WHAT YOU WILL DO —
Taking only the lines of the data below from the line with "Tales of Space and Time, H. G. Wells" to the line with "O BRASIL APÓS 1 DE FEVEREIRO", ends included, write them out exactly and without pictures.

DATASET EXTRACT —
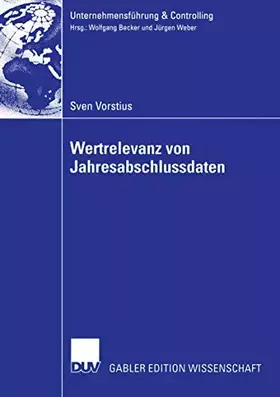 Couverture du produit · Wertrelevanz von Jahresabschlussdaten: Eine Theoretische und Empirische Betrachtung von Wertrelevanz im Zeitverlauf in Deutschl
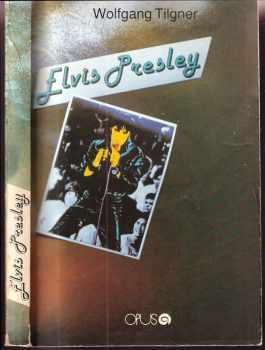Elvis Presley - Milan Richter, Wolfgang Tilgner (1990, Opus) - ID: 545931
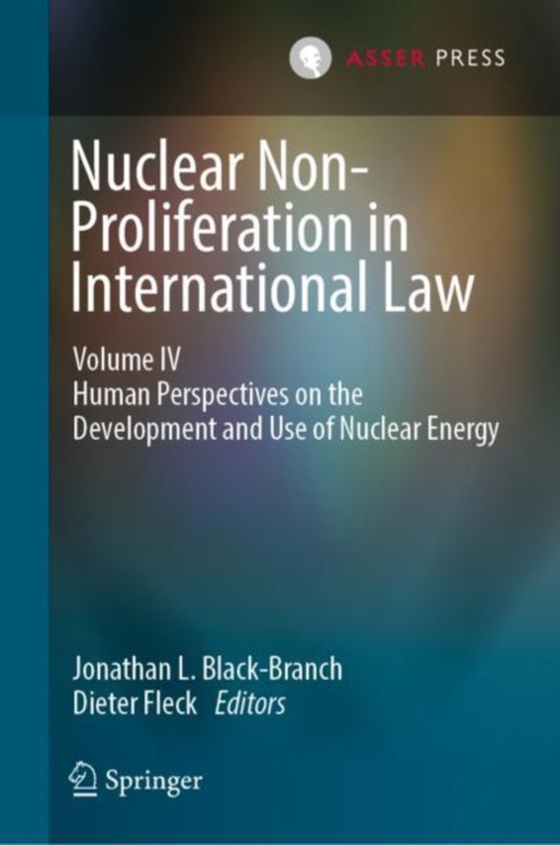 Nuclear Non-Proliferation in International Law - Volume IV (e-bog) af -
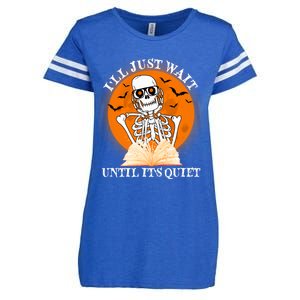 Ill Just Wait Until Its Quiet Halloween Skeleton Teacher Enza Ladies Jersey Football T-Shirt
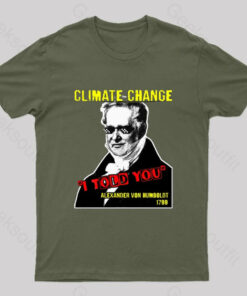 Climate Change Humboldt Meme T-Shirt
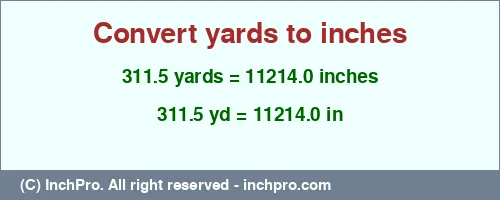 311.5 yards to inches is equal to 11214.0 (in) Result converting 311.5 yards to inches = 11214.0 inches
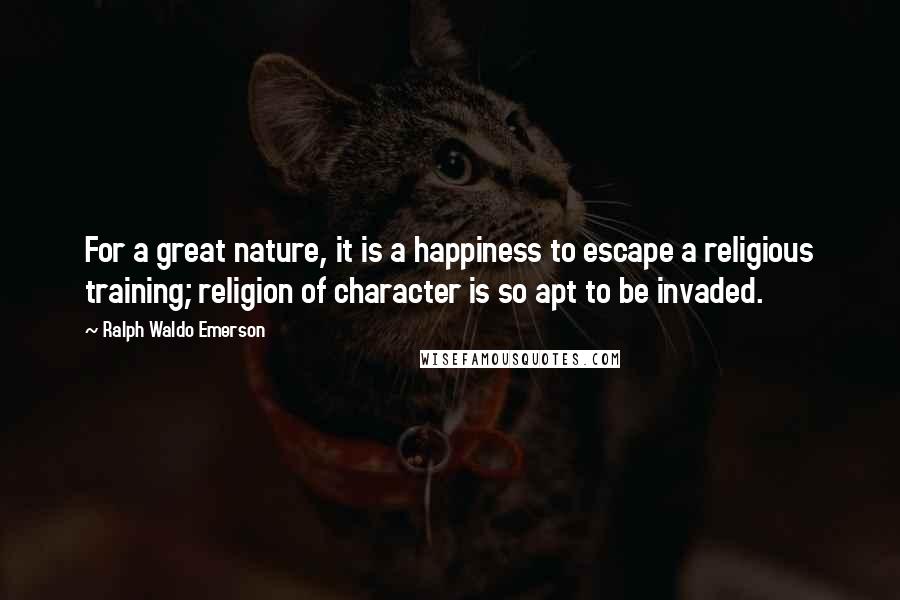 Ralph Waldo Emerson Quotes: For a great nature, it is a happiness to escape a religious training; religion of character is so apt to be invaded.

==

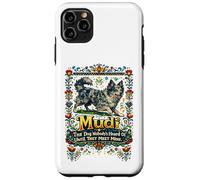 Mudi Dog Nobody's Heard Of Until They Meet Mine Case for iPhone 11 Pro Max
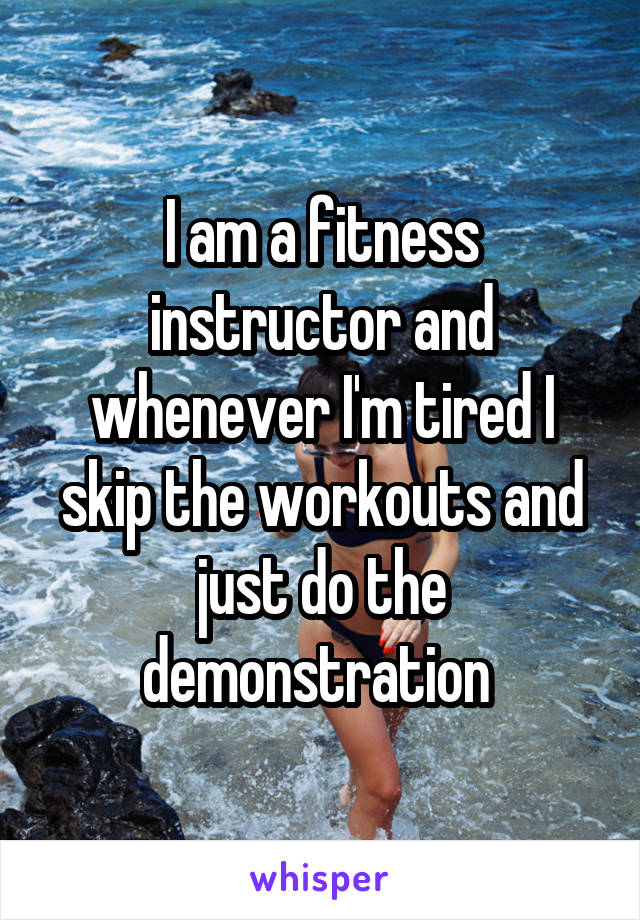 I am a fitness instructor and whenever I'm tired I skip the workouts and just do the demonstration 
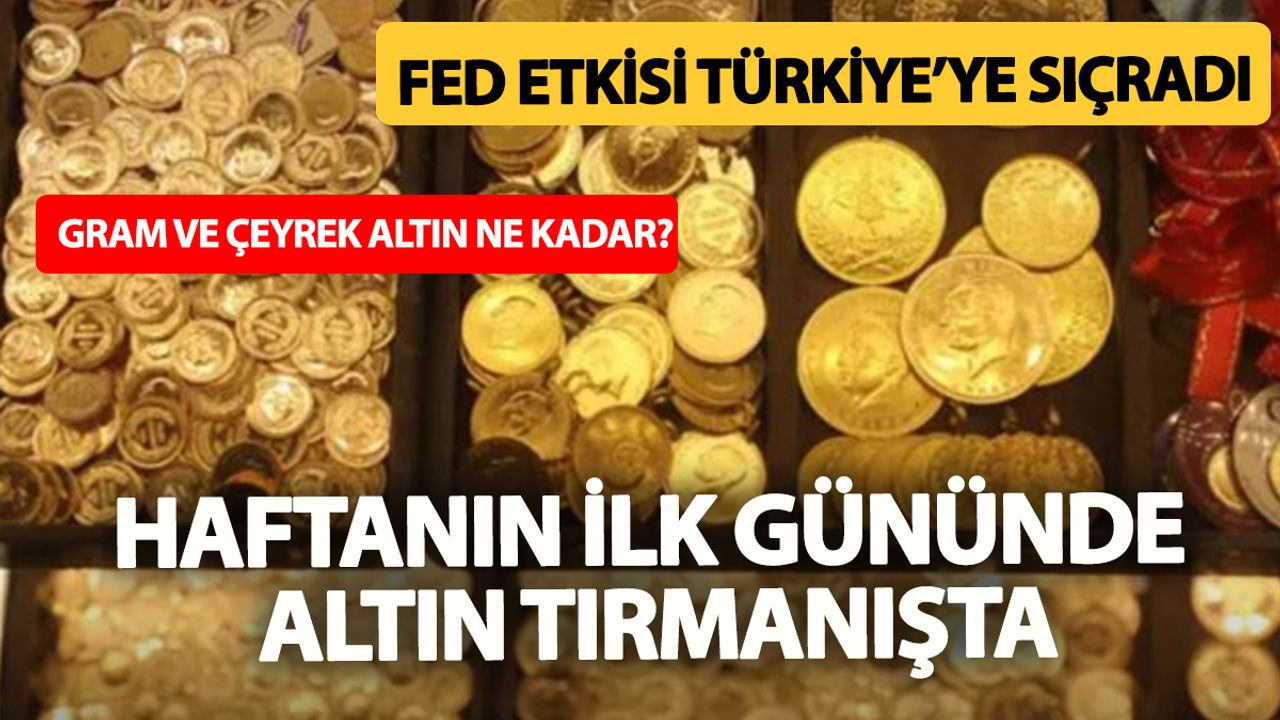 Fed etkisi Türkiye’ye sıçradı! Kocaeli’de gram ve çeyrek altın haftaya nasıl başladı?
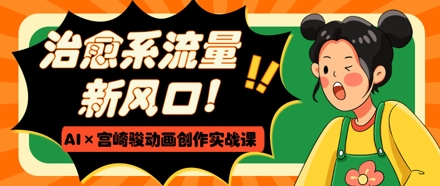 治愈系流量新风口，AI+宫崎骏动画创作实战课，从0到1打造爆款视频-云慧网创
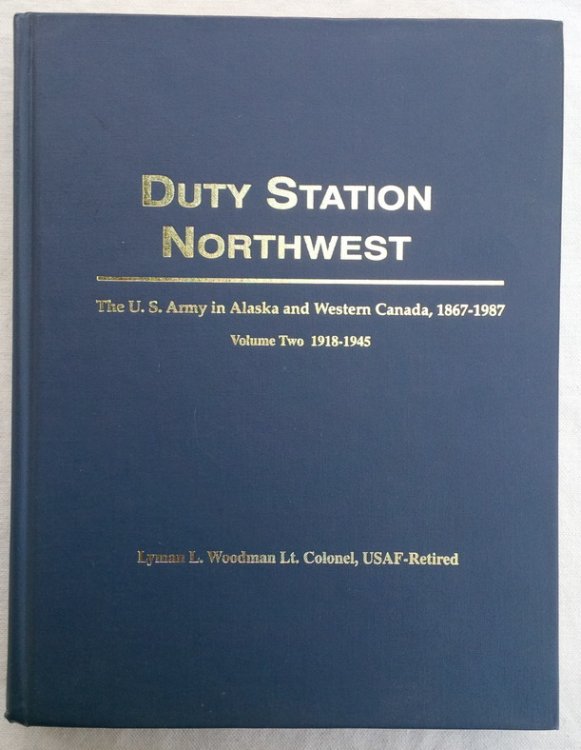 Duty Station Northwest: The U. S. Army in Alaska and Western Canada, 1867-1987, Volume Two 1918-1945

...

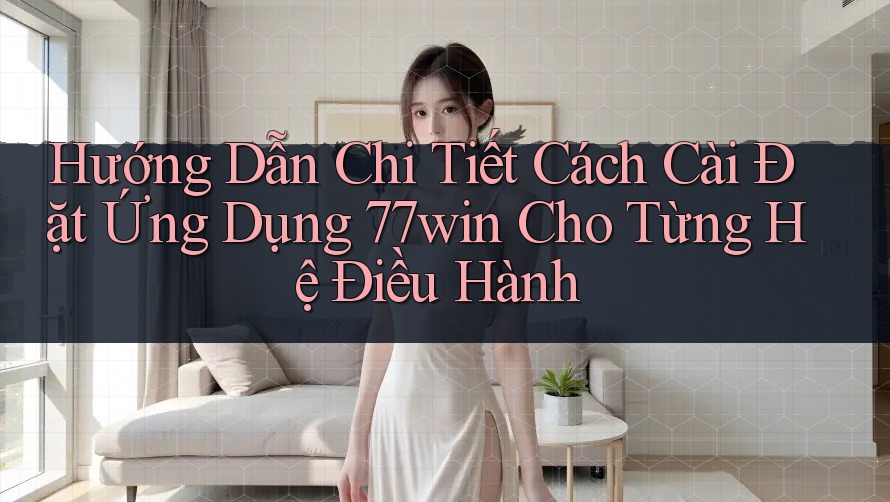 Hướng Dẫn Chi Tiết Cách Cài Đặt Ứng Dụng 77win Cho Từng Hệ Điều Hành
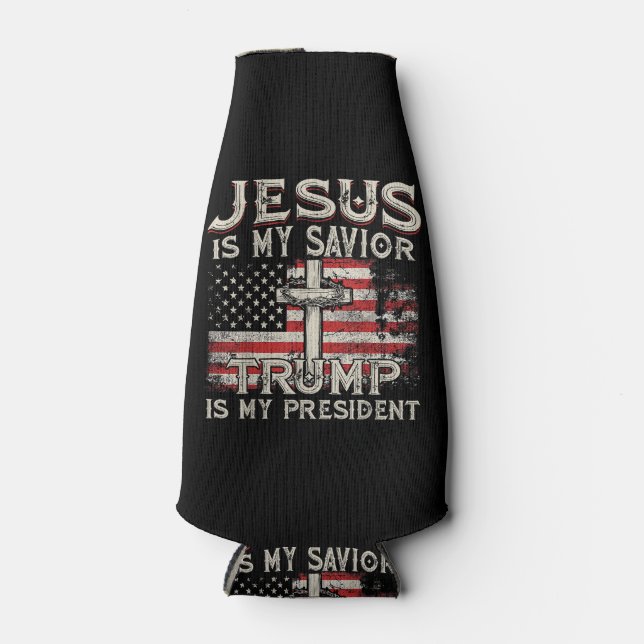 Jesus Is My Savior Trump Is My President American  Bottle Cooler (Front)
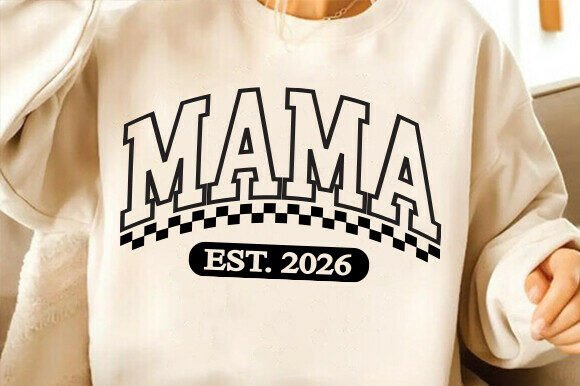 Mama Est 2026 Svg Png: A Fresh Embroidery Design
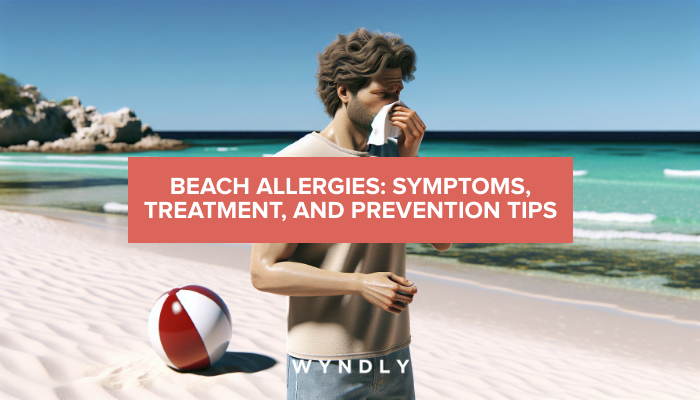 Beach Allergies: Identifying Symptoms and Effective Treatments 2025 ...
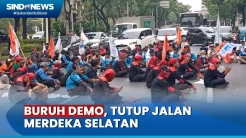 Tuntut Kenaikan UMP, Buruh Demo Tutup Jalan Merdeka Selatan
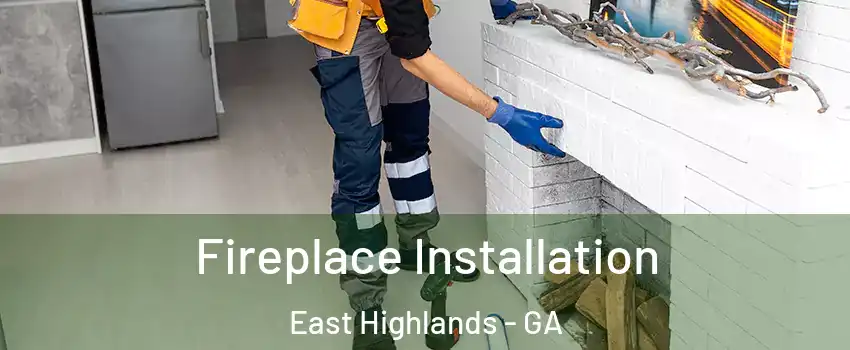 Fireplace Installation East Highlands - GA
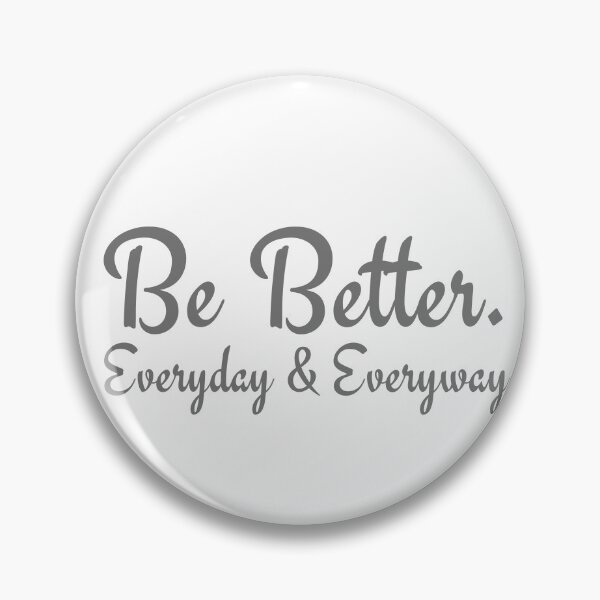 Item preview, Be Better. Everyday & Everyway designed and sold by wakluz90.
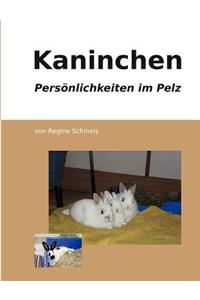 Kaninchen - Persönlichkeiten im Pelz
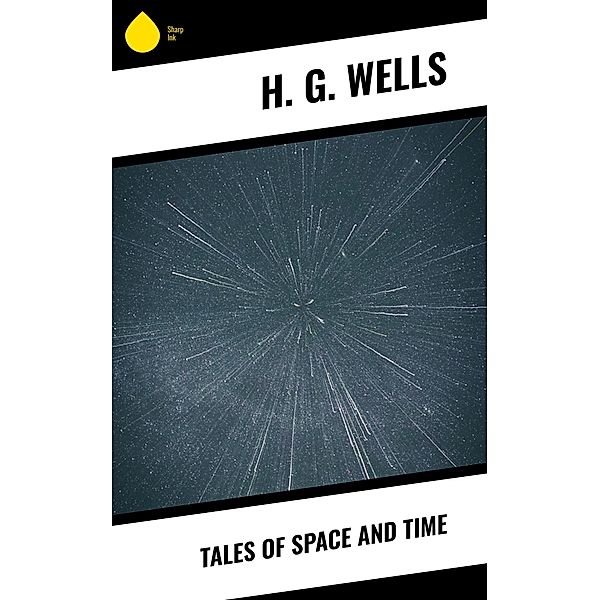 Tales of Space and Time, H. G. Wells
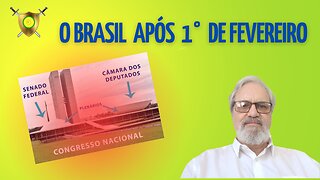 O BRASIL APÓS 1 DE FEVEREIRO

FINISHED TASK —
 Tales of Space and Time, H. G. Wells
 O BRASIL APÓS 1 DE FEVEREIRO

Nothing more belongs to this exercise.